Expense ratio

Exchange ratios factor into an asset or fund’s rate of return. Bankrate explains.

What is an expense ratio?

The expense ratio is a measure of what it costs an investment company to operate an asset fund. Investors research them to determine the rate of return on a potential investment.

Deeper definition

Mutual funds, exchange-traded funds (ETFs), and other types of investments charge fees to shareholders determined by an expense ratio. The ratio is expressed as a percentage and is calculated by dividing the fund’s operating costs by the average dollar value of assets under management. Such operating costs could include payments to management, advisers, and bookkeepers; taxes and legal expenses; and what are called 12b-1 fees, which pay for marketing and distribution. The result tells you what percentage of the fund’s assets pay for its expenses.

High expense ratios indicate a reduction in the value of the investment, while a low ratio means the asset value helps offset the fund’s expenses.

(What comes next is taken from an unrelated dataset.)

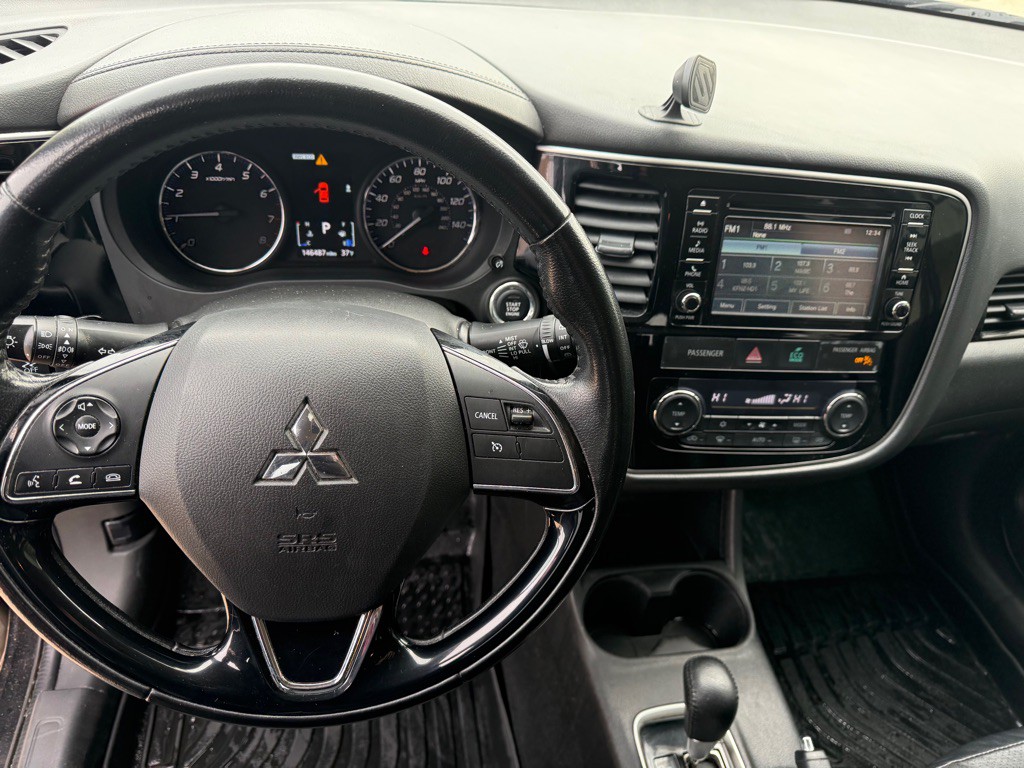 2016 Mitsubishi Outlander Image 12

Small funds often have a high ratio, because even though the assets in the fund are limited, it must still meet management and administration fees. Larger funds might have a low expense ratio, as the costs are spread across a wider asset base. In some cases, a fund may waive a portion of its operating costs.

Bankrate’s money market comparison tool can help you make the most of your investment.

Expense ratio example

Mary is looking at different types of investments to put her money into. She finds a bond fund and puts $10,000 into it, and, after researching it, she discovers that its expense ratio is 1.4%. Over the next year, her returns averaged 5%. However, she doesn’t collect the full amount; rather, she earns 5% minus 1.4%, or 3.6%. Her actual returns are $360 instead of $500, meaning that the expense ratio consumed 28% of her returns.